NaN in Pandas
In this class, We discuss NaN in Pandas.
For Complete YouTube Video: Click Here
The reader should have prior knowledge of data frame creation using csv file. Click here.
NaN in Pandas
In pandas, nan is used to filling missing data in the data frame.
Take an example and understand better about nan in pandas.
import pandas as pd
df = pd.read_csv('Test.csv')
print(df)
Output:
Sno name gender amount
0 1 rajesh m 2000.00
1 2 suresh m 3000.00
2 3 mahesh NaN 4000.78
3 5 mahitha f 8000.00
4 6 mohith m NaN
5 7 NaN m 28.98
6 8 moulesh m NaN
7 9 murali m 2.89
print(df.dtypes)
Output:
Sno int64
name object
gender object
amount float64
dtype: object
The missing data in the data frame placed with the value nan.
We can observe the nan values from the output.
When we display the data types of the columns of our data frame, we have int, float, and object.
The point to understand. Nan is not affecting the type of the column.

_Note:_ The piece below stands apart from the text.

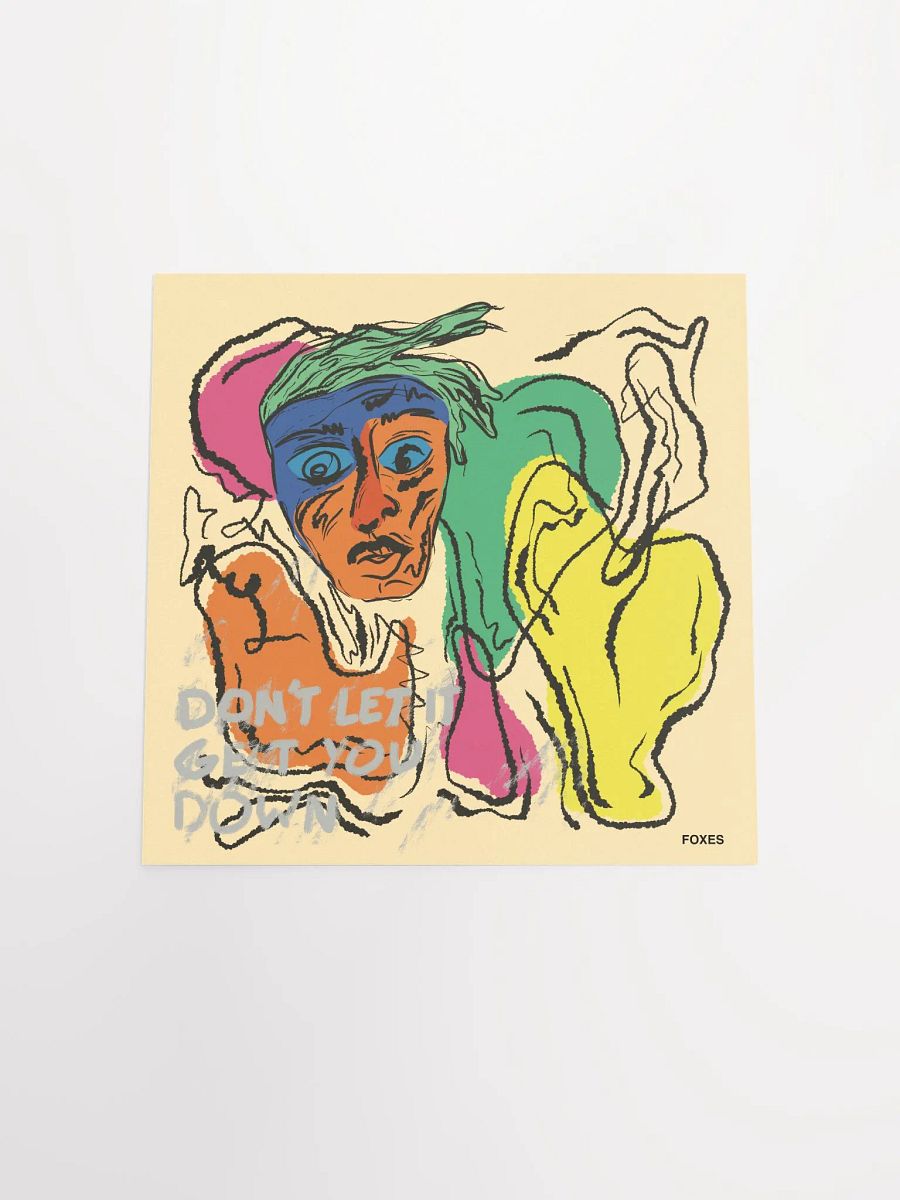 Don't Let It Get You Down - Poster product image (4)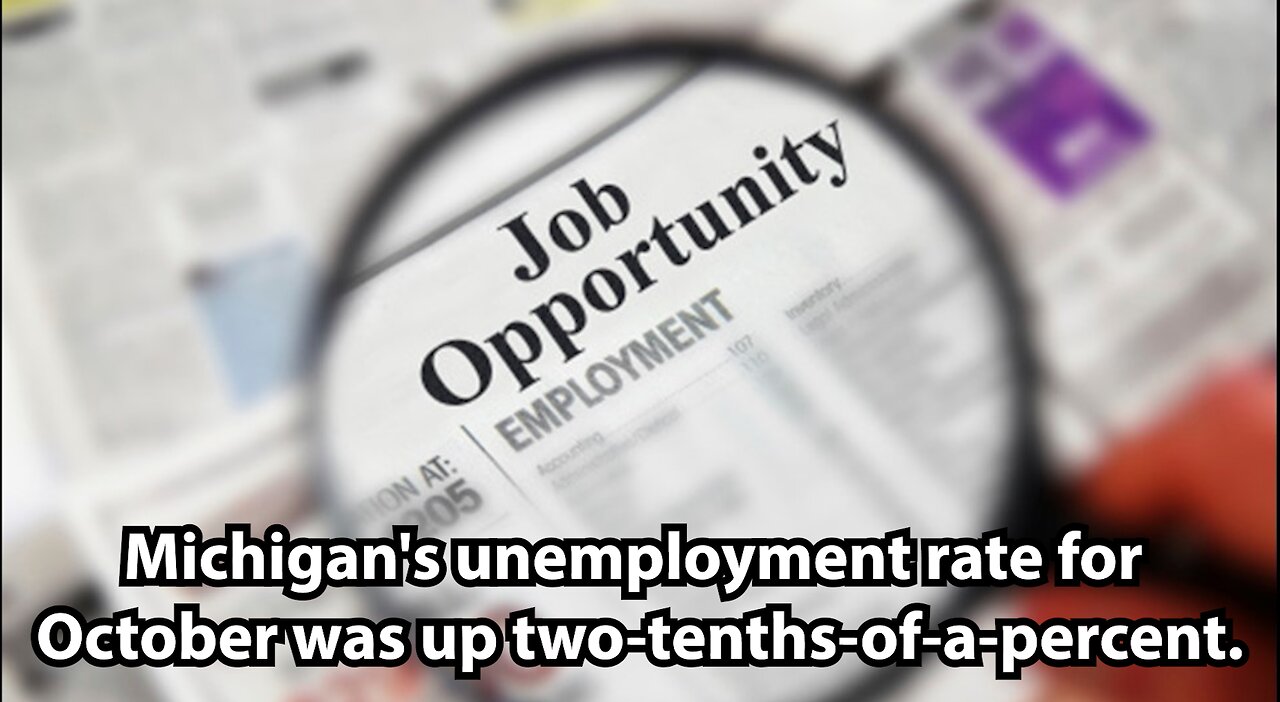 Michigan's unemployment rate for October was up two-tenths-of-a-percent.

nan does not belong to any data type of pandas.
Important:
Python considers two nan values as different.
The code to show two nan values are different is given below.
# Important to understand python consider two nan values as different
if(df.loc[4,'amount']==df.loc[6,'amount']):
print("equal")
else:
print("not equal")
Output:
not equal
In the code, we are comparing two nan values from the column amount.
The code shows the two nan values are not equal.
Reason: even nan shows empty space. Two nan values belong to two different empty spaces.
So two nan values are considered different.
isna Method
# isna method in data frame
print(df.isna())
Output:
Sno name gender amount
0 False False False False
1 False False False False
2 False False True False
3 False False False False
4 False False False True
5 False True False False
6 False False False True
7 False False False False
isna method will return true if there is a nan value in the data frame.
The above code displays true value if there is a nan value in the data frame.
Removing Rows with NaN Values
The code to remove rows that contain nan values is given below.
# removing rows with nan values
rowsnan = []
for index, row in df.iterrows():
isnanpresent = row.isna()
if isnanpresent.any():
rowsnan.append(index)
print(rowsnan)
Output:
[2, 4, 5, 6]
In the code, we use the isna method to identify nan values and any method to check the rows containing true values.
In our previous class, we discussed any method. Click here.
We are identifying the index of rows that contain nan values. we can delete them using the method drop.
fillna Method
To replace the element nan with any other element, we use the method fillna.
In the example given below. We are using zero to replace the nan value.
# fillna method
print(df.fillna(0))
Output:
Sno name gender amount
0 1 rajesh m 2000.00
1 2 suresh m 3000.00
2 3 mahesh 0 4000.78
3 5 mahitha f 8000.00
4 6 mohith m 0.00
5 7 0 m 28.98
6 8 moulesh m 0.00
7 9 murali m 2.89
dropna Method
To delete the rows or columns that contain nan values, we use the method dropna.
axis=0 parameter in dropna method will delete rows that contain nan value.
axis=1 will delete columns that have nan values.
The below-given code is the example to show the method dropna.
# dropna method
print(df.dropna(axis=0))
Output:
Sno name gender amount
0 1 rajesh m 2000.00
1 2 suresh m 3000.00
3 5 mahitha f 8000.00
7 9 murali m 2.89
# dropna method
print(df.dropna(axis=1))
Output:
Sno
0 1
1 2
2 3
3 5
4 6
5 7
6 8
7 9
# dropna method
print(df.dropna(axis=0),how=any or all)
The parameter how used to delete based on options all or any.
all will delete rows or columns contain all nan values.
any will delete rows or columns contain any one nan value.